このくだりを読んだとき、筆者は(2)(3)(5)に見られる医師の正直な現状認識や(1)の患者に良い医療を提供したいという良心や(4)の病院経営改善への熱意に納得しましたが、患者の意見には驚きました。(1)から(5)まで筆者が永年かかってたどり着いた現状認識と見識を多くの普通の患者さんが共有しているからです。それらはすべて真実の認識であり、合理的な真っ当な見識です。
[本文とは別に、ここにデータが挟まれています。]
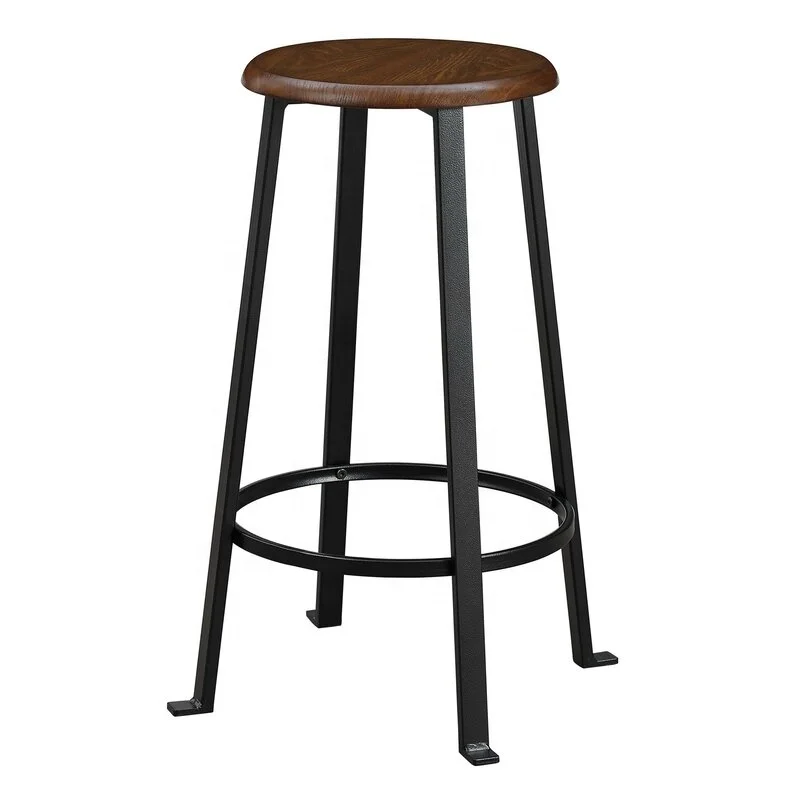 Dining Kitchen Table Dining Set 3 Piece Small Farmhouse Dining Room Table Set Table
(1)は社会常識からはあまりに不合理だという感覚で、突き詰めれば憲法に定める基本的人権も侵している疑いがあります。
(2)も保険料が税金と同じ強制徴収なのにいとも簡単に対価である受給権を奪い、希望する必要な治療を受けられなくするということで憲法の幸福権、生存権侵害の疑いがあります。
(3)は日進月歩の医療の特質を考えれば、一握りの行政集団がすべての医療について個々に事前に審査する現行システムが破綻しており、必要な患者に切実な医療をタイムリーに提供する障害になっていることを指しています。
(4)は混合診療反対論の根拠である平等性について、世界一高い日本の窓口負担分や国民皆保険の保険料すら支払えない世帯が膨大に上ることなどからすでに格差があり、平等は幻想に過ぎないことを指摘しています。
(5)は国民皆保険制度の財政基盤について医師も患者もバイアスのないリアルな認識を持っていることを示しています。

これに対し、混合診療に反対する理由は、医師も患者もほとんど同じで、
(1)公的保険の給付範囲が縮小され、国民皆保険制度がない崩し的に解体されていく懸念がある
(2)混合診療に注力する医療機関が増え、受けられる医療が経済力により大きく左右されることになりかねない
(3)質が担保されない医療が横行する恐れがあるというものです。

いずれも厚労省や医師会が前からいっていることで、筆者は今もこの程度の理由で、命のかかった治療を奪われたり、医療費全額自己負担という信じられない蛮行がまかり通っているのかと憤りを抑えきれません。

(1)については、考え方の転換が必要です。現在の危機的な国家財政と厳しい保険財政、一方で高齢化や医療の高度化などで急増する医療費を考慮すれば、保険適用範囲の見直しは不可避で、現在の保険適用を既得権化することは国民皆保険の崩壊につながります。

また(2)(3)については、木村准教授も経験から多くの医療機関が混合診療の自由診療部分に注力し、患者負担が増え、有効性の低い医療が広がるという懸念があり、混合診療に反対しています。

筆者も一部ではその恐れはあると思います。しかし、そこまで医師は性悪説であり、混合診療のベネフィットは低く、リスクのみ高いのでしょうか。
今でも歯科では混合診療は当たり前ですし、産科、外科などでも多く行われています。公認の混合診療である保険外併用療養費制度もあります。さらに眼を外国に向けると、米国を除く先進国は国民皆保険かそれに準ずるシステムですが、ほとんどの国で混合診療も認められていますし、未承認薬・適応外薬も薬事承認と保険適応を別にして進歩する新薬が早く患者に届くよう図っています。(一緒にしているのは日本のみだそうです)しかし、それだから悪質な医療が行われ、被害が広がったということは聞きません。

多くの医師や医師会が、混合診療解禁によって医療機関が金儲けに走り、悪質な医療を行うから混合診療に反対するという理屈が、筆者にはどうしても理解できません。
日本医師会は医療はおろか介護にも民間企業の参入に反対していますが、その理由は医療も介護も営利行為ではないからというものです。しかし、混合診療については自分たちは営利に走るから反対だといっているとしか筆者には思えません。もっとも国民からは医師会の営利至上体質はとっくに見抜かれていて、口を開けば医療費値上げしかいわず、レセプト電子化反対も医療費のゴマカシができなくなるからだと見透かされているのですが。

混合診療の解禁によるベネフィットは賛成派の理由に網羅されており、付け加えるとすれば今は隠され、捨てられている保険外の先端医療の臨床データが公開、蓄積され、検証されることで医療の進歩が図れることですが、一方で予想されるリスクはできるだけ防がなければなりません。そこで、混合診療を実施できる医療機関を倫理委員会のある一定レベル以上に限定し、実施規定や違反規定を厳格に設けることは必要だと考えます。